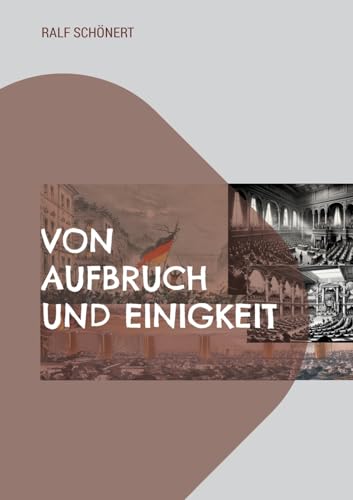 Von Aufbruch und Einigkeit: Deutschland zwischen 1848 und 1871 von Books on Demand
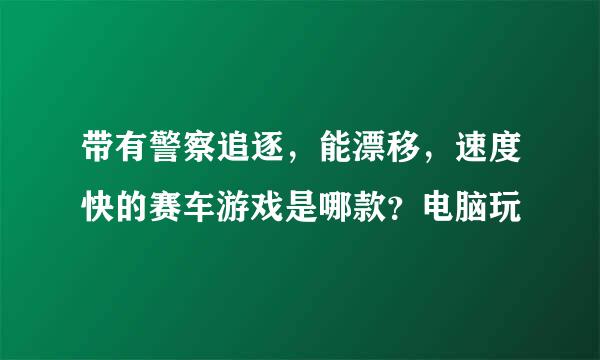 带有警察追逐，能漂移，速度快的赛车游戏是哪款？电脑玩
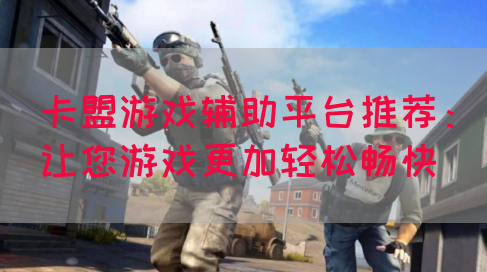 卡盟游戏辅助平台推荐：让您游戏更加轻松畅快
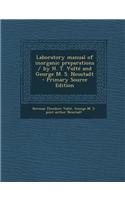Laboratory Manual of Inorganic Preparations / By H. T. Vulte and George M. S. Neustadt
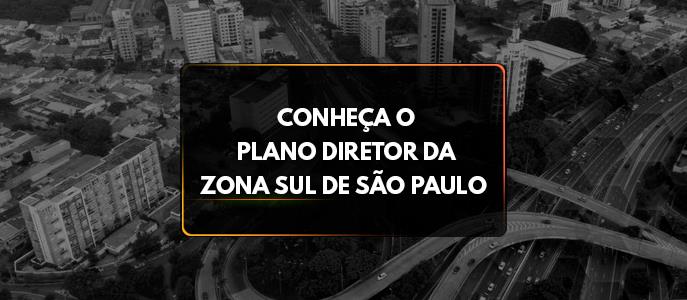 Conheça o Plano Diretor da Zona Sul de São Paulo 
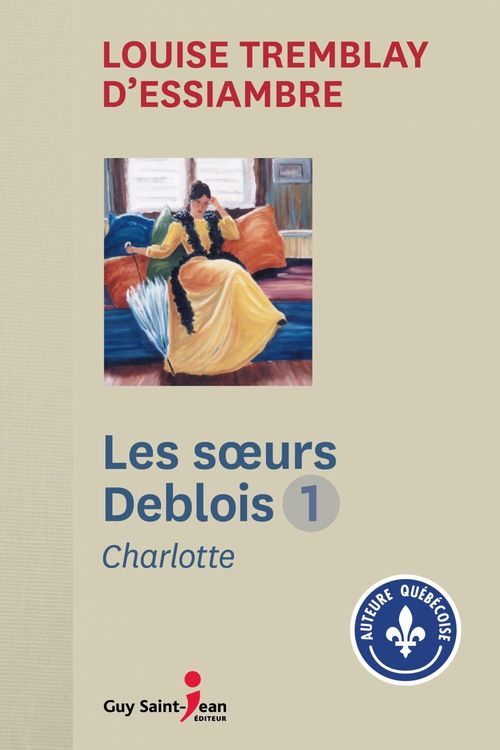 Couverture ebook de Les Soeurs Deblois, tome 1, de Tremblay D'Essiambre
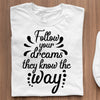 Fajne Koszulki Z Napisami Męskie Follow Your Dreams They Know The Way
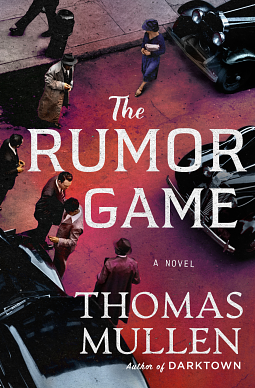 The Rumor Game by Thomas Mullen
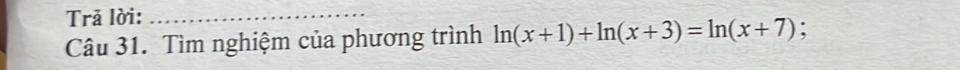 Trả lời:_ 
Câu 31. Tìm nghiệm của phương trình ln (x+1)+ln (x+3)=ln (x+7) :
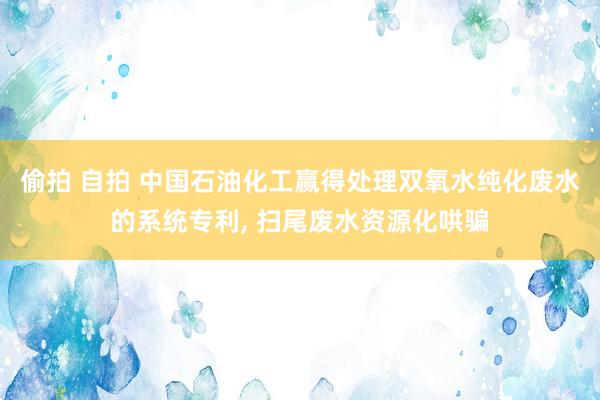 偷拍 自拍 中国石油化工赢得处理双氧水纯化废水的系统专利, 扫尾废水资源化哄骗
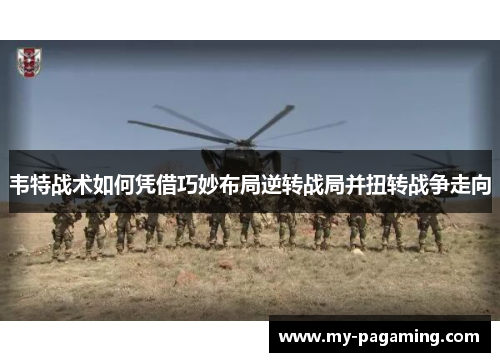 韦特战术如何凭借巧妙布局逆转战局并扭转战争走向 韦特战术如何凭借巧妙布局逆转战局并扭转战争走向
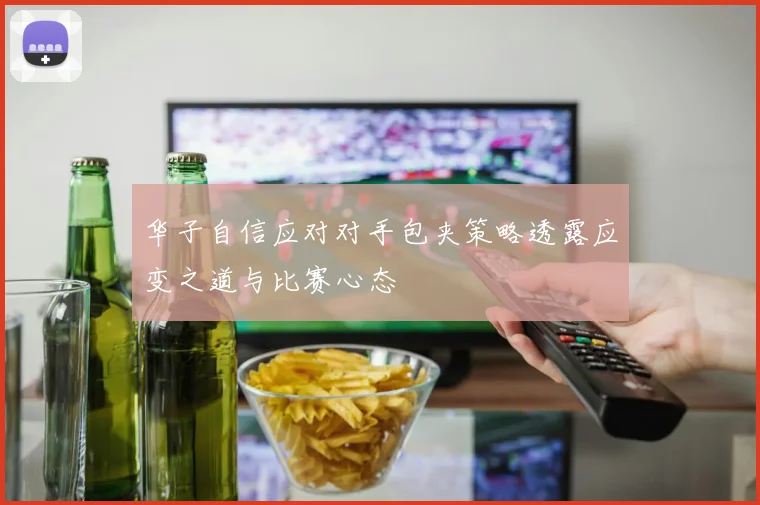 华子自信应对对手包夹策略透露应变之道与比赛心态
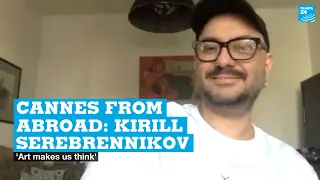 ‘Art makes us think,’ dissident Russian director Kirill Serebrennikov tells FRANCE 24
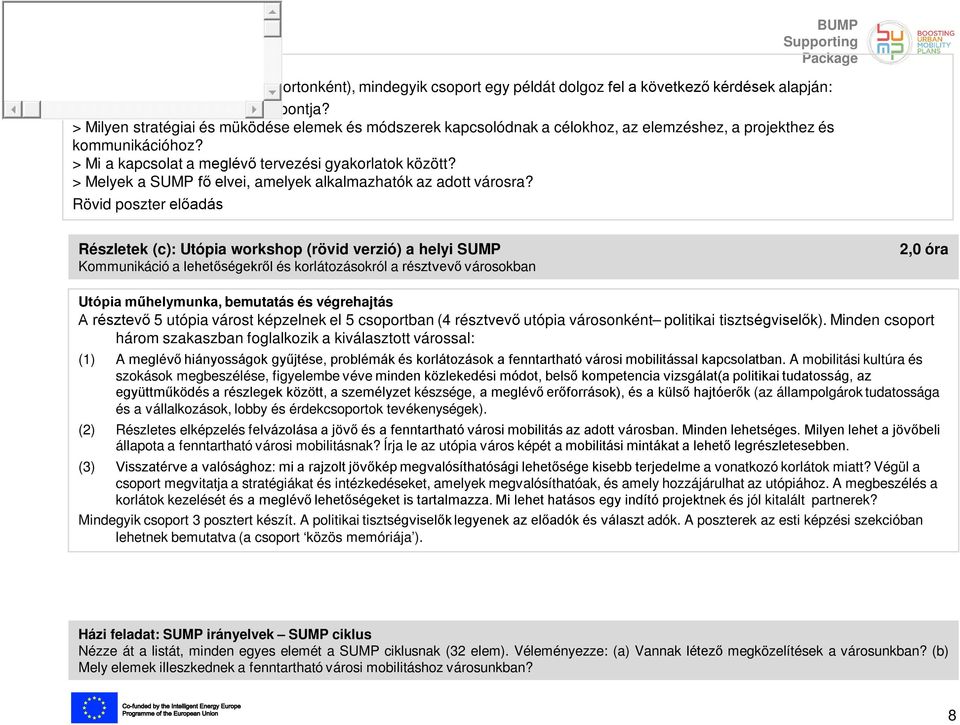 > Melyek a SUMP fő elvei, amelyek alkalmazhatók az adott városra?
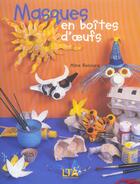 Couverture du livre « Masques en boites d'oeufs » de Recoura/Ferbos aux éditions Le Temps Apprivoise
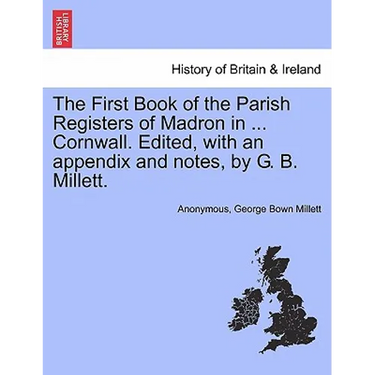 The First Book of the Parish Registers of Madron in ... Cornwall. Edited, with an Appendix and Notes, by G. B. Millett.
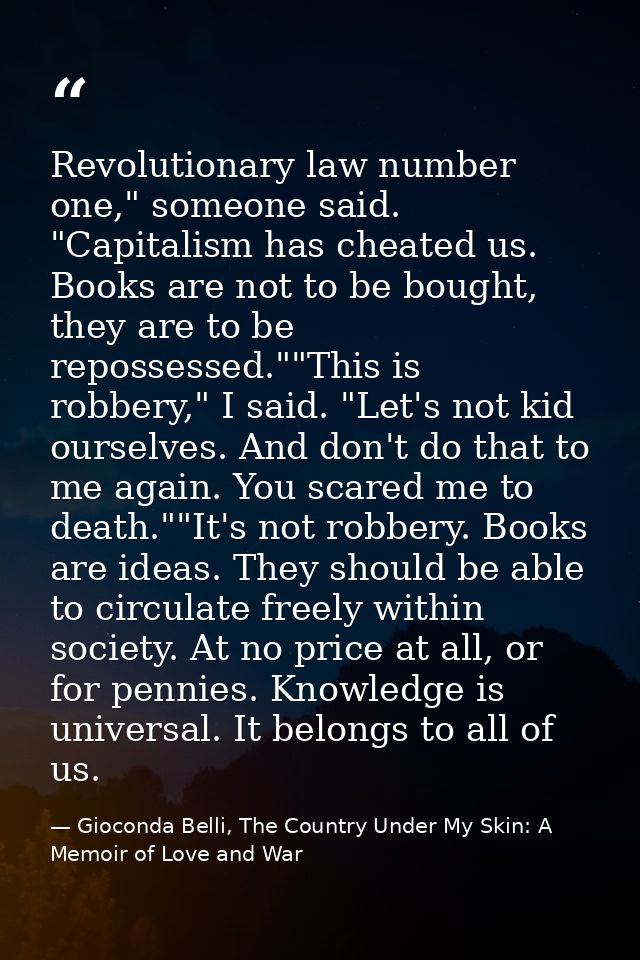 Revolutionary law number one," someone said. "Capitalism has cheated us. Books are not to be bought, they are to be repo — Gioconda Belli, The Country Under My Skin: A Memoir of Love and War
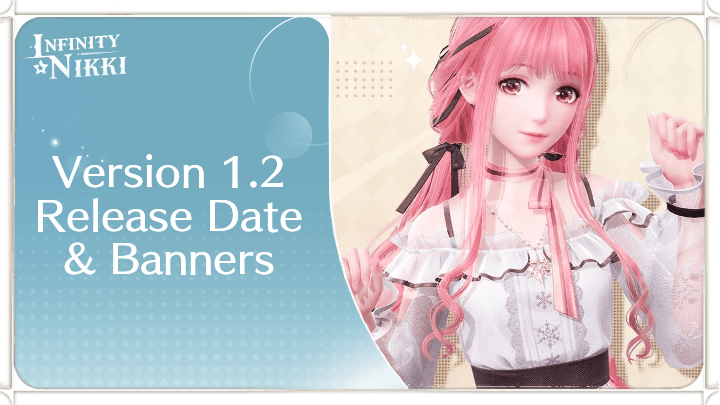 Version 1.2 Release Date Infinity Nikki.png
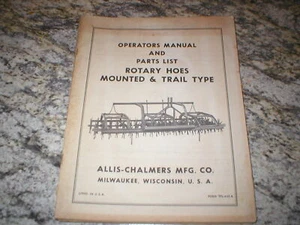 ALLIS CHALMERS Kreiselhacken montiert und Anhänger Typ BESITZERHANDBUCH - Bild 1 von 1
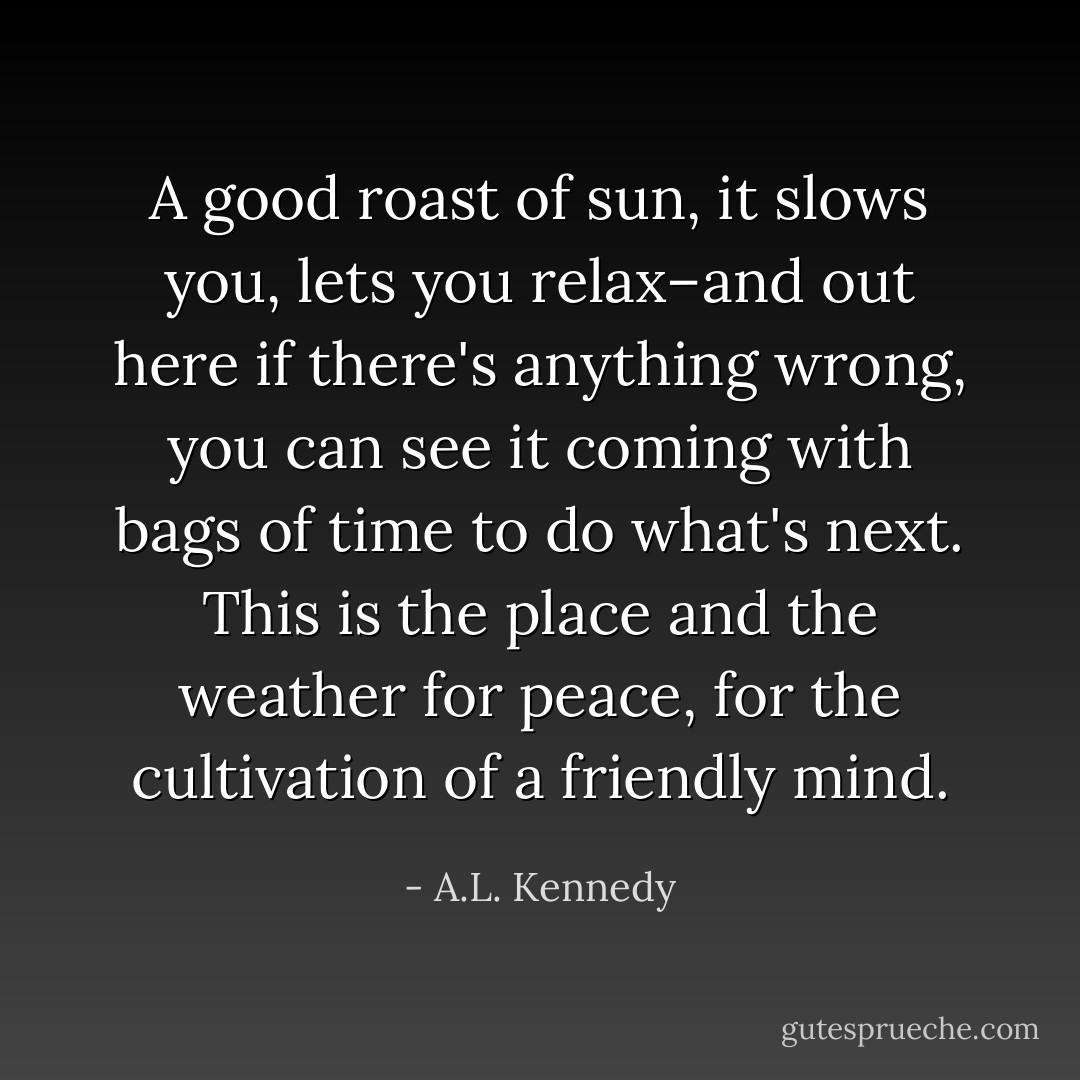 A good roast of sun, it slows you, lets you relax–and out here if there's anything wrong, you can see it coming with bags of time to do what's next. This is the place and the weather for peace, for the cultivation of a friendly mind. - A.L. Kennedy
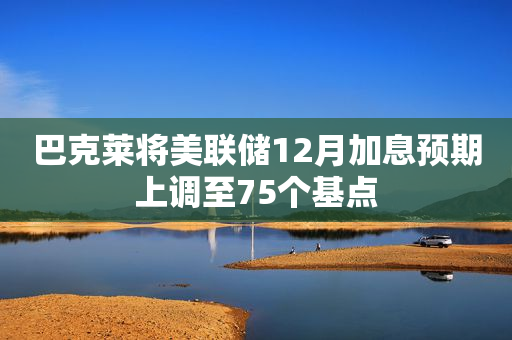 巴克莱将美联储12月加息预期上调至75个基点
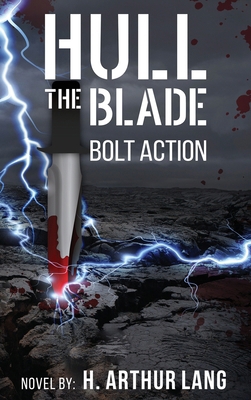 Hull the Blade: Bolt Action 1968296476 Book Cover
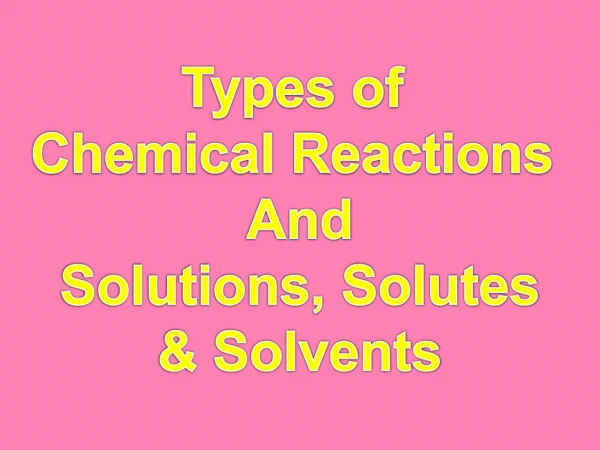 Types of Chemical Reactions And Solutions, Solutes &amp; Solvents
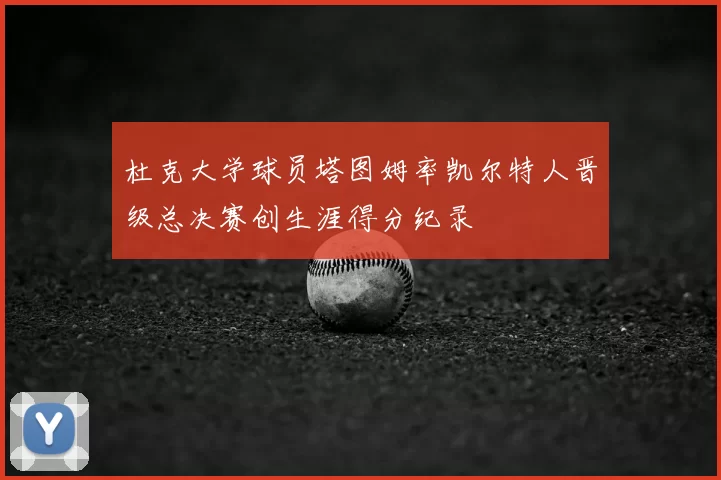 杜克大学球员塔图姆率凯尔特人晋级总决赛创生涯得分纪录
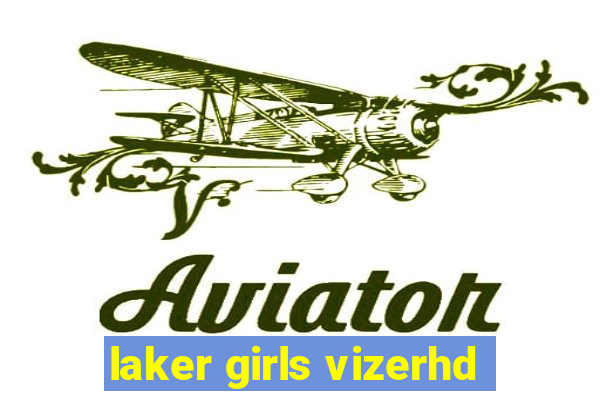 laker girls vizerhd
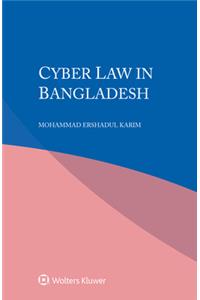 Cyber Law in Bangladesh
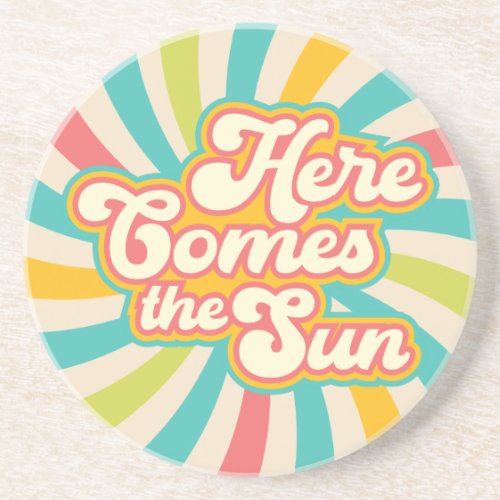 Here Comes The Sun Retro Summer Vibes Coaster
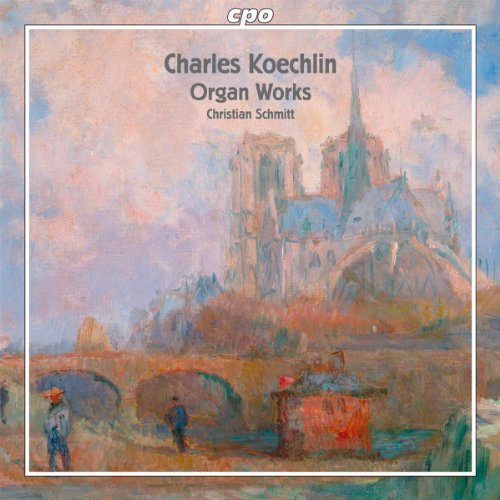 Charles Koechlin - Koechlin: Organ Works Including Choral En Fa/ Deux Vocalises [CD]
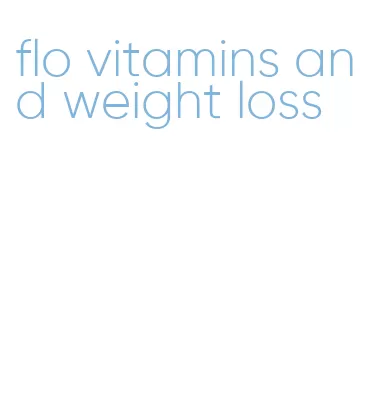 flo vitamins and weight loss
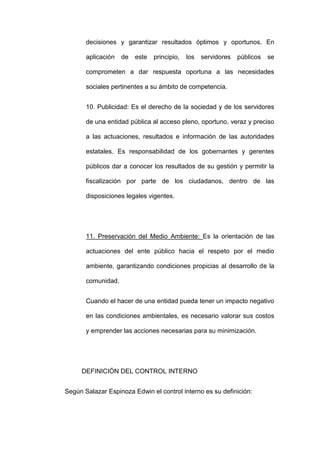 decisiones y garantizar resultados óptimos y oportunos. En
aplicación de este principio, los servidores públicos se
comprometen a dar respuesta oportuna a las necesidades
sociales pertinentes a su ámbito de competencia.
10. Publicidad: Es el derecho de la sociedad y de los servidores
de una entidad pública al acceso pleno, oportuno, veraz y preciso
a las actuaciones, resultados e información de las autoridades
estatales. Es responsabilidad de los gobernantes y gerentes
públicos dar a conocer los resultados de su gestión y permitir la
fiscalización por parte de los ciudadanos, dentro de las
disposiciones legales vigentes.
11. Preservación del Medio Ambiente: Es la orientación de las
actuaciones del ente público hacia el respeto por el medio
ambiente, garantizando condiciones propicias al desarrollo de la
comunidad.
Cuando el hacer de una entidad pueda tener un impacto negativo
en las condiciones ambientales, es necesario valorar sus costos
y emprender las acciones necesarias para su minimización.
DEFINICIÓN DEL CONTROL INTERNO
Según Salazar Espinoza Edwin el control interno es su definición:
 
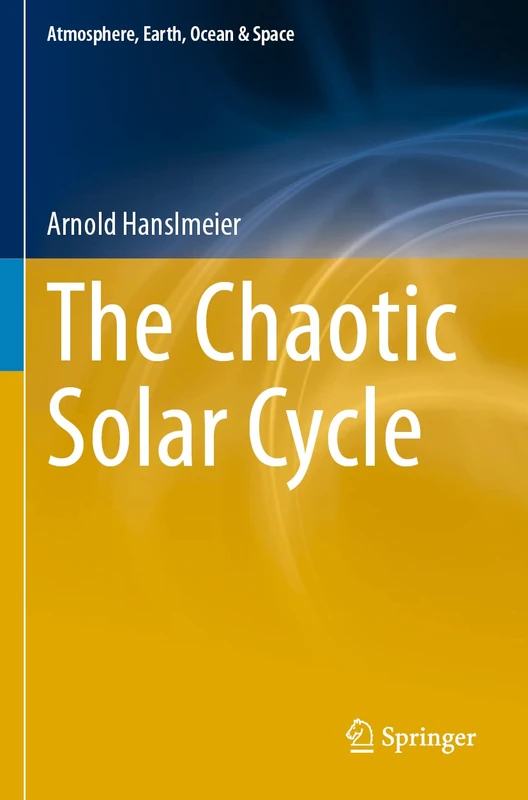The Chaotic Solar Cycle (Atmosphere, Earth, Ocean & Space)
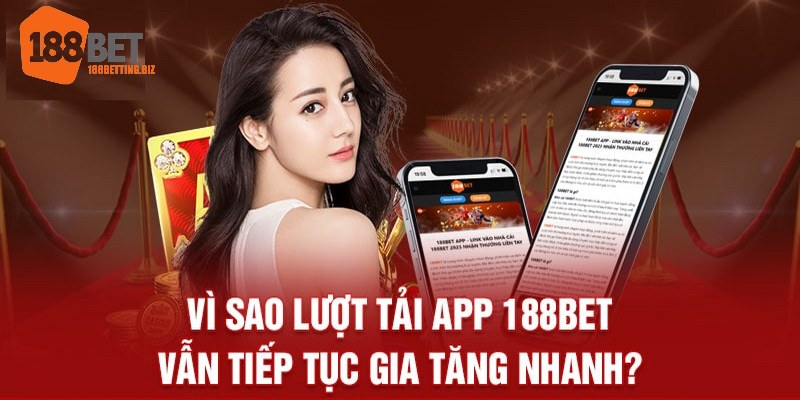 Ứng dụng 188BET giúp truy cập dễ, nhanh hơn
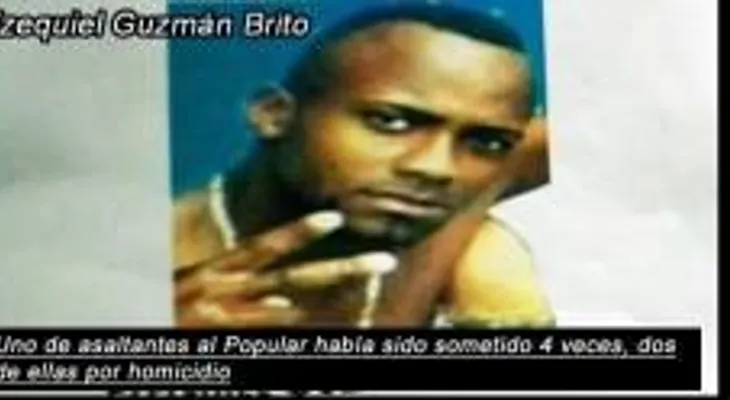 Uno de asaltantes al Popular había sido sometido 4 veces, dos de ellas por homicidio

=-=-=-=-=

WORK ITEM: Set the lines above down again, word for word, from the first through the one containing "The First Book"; pictures excluded.

EXERCISE RESULT:
 Von Aufbruch und Einigkeit: Deutschland zwischen 1848 und 1871 von Books on Demand
 带有警察追逐，能漂移，速度快的赛车游戏是哪款？电脑玩
 卡盟游戏辅助平台推荐：让您游戏更加轻松畅快
Laboratory Manual of Inorganic Preparations / By H. T. Vulte and George M. S. Neustadt
 Conheça o Plano Diretor da Zona Sul de São Paulo 
 Couverture ebook de Les Soeurs Deblois, tome 1, de Tremblay D'Essiambre
 Fajne Koszulki Z Napisami Męskie Follow Your Dreams They Know The Way
 The Rumor Game by Thomas Mullen
 Trả lời:_ 
Câu 31. Tìm nghiệm của phương trình ln (x+1)+ln (x+3)=ln (x+7) :
 偷拍 自拍 中国石油化工赢得处理双氧水纯化废水的系统专利, 扫尾废水资源化哄骗
 韦特战术如何凭借巧妙布局逆转战局并扭转战争走向 韦特战术如何凭借巧妙布局逆转战局并扭转战争走向
 华子自信应对对手包夹策略透露应变之道与比赛心态
 ‘Art makes us think,’ dissident Russian director Kirill Serebrennikov tells FRANCE 24
 > Melyek a SUMP fő elvei, amelyek alkalmazhatók az adott városra?
 Couverture du livre « Masques en boites d'oeufs » de Recoura/Ferbos aux éditions Le Temps Apprivoise
 The First Book of the Parish Registers of Madron in ... Cornwall. Edited, with an Appendix and Notes, by G. B. Millett.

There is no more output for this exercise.